Eu andei até o quarto mal sentindo o chão tocar meus pés. Naquele momento, tinha certeza que meus lábios estavam quase roxos e ainda por cima havia esquecido a janela do quarto aberta, fazendo com que o mesmo estivesse congelando. Coloquei as vestimentas o mais rápido possível, prendi os cabelos em um rabo de cavalo baixo e caminhei até a sala onde eles me esperavam; sentados no sofá marrom que ficava de frente para a lareira, que, acompanhada das velas era a única iluminação do cômodo. Havia também um bule de chá que, pelo aroma, era uma mistura de cidreira e mel.

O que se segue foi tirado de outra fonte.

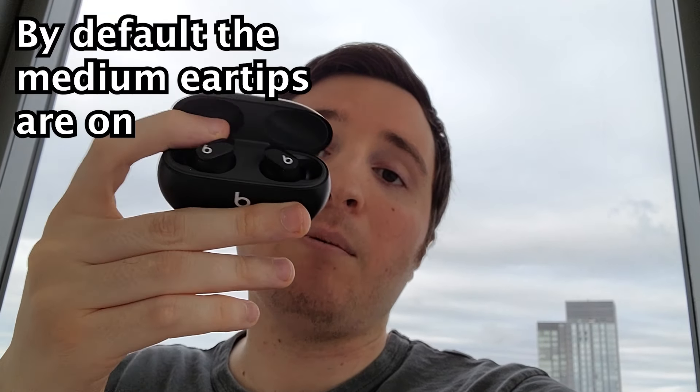Alright guys, so I'm going to show you the proper way to wear your Beats Studio Buds, because it's actually not the same way as most earbuds, including the AirPods. First, get the box that your Buds shipped in because there are a couple different pairs of ear tips in here. I'll put a video in the top right corner if you want to change the ear tips. In the box there's a smaller and larger version — by default the medium are on.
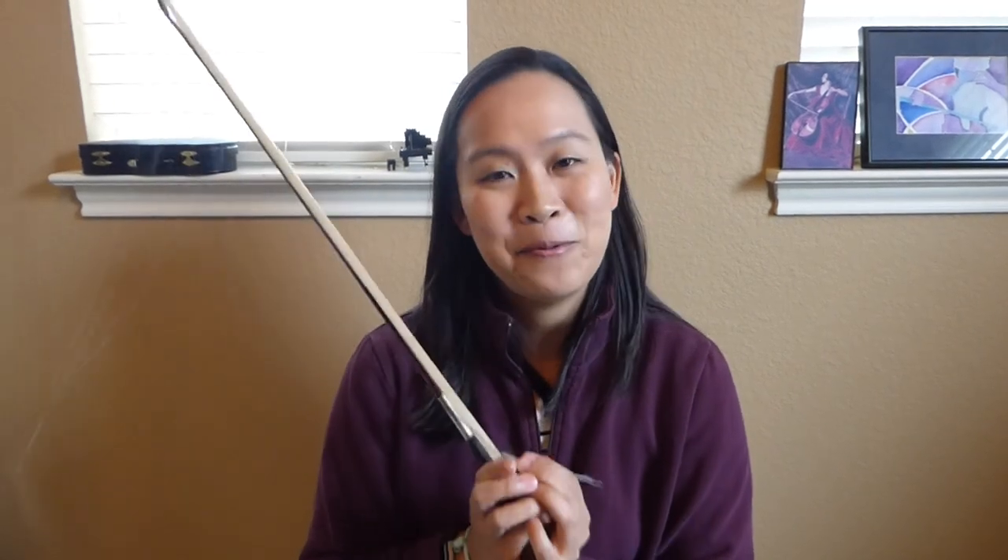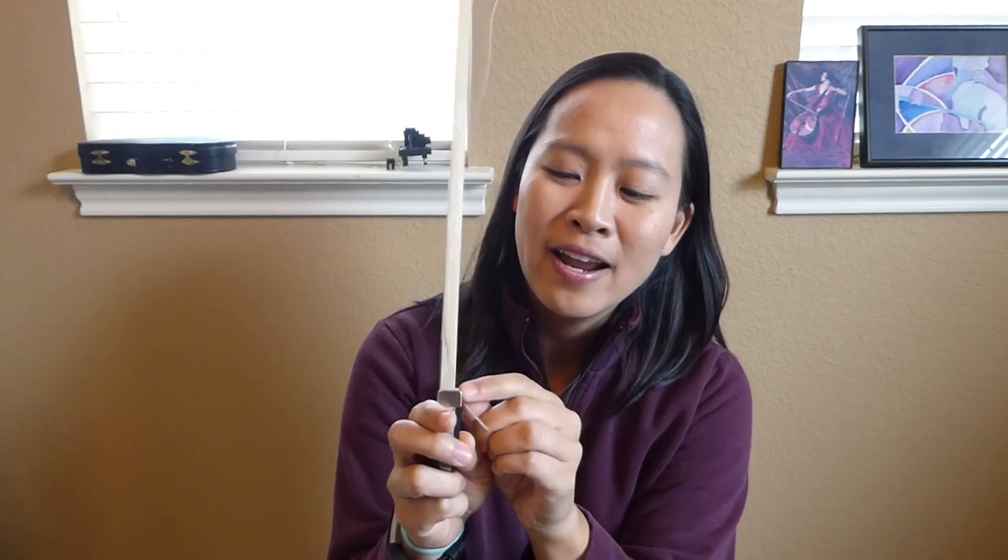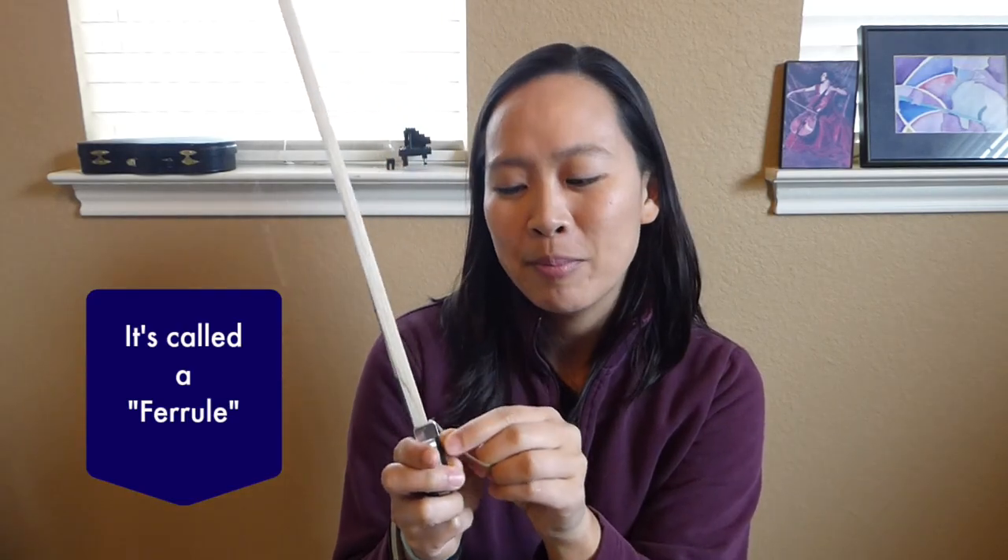I have a bow here that I wanted to show you. This is a prime example of when to re-hair your bow — there is literally hair loss on the bow. Normally the hair should go all the way to the edge of this little metal piece on the bow, but it's definitely losing a lot of hair. This bow has not been re-haired in a while, and I also use this a lot for my cellamoji Instagram account videos, where I do a lot of rhythmic patterns with aggressive playing. This bow has seen a lot of hair loss due to that.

– Senhorita Del Arcano, pedi para que a irmã Georgeta nos fizesse um bule de chá – disse ele servindo a bebida em uma xícara. – Por favor, sirva-se. Irá lhe ajudar a esquentar o corpo. Irmã, se não se importa, eu gostaria de falar com a jovem a sós – ele disse, recebendo um olhar surpreso tanto de Soare quando meu.
Ela engoliu a seco e, por um momento, deu a entender que iria discordar, mas saiu da sala com um caminhar desgostoso e lento enquanto eu sentia meu coração palpitar em meu peito, ansiosa para saber sobre o que o irmão de Ileana gostaria de falar comigo. Quando estávamos finalmente sozinhos, ele apontou para o sofá para que eu me sentasse e assim o fiz, me servindo do chá quente.
– Eu lhe conheci há quase meia hora e você não disse uma palavra se quer – ele disse mais para si do que para mim. – Se ela ficasse eu creio que nunca ouviria sua voz.
– Ileana me disse que não tinha família, quem é você e o que está fazendo aqui? – disse apreensiva, encarando o homem com hesitação.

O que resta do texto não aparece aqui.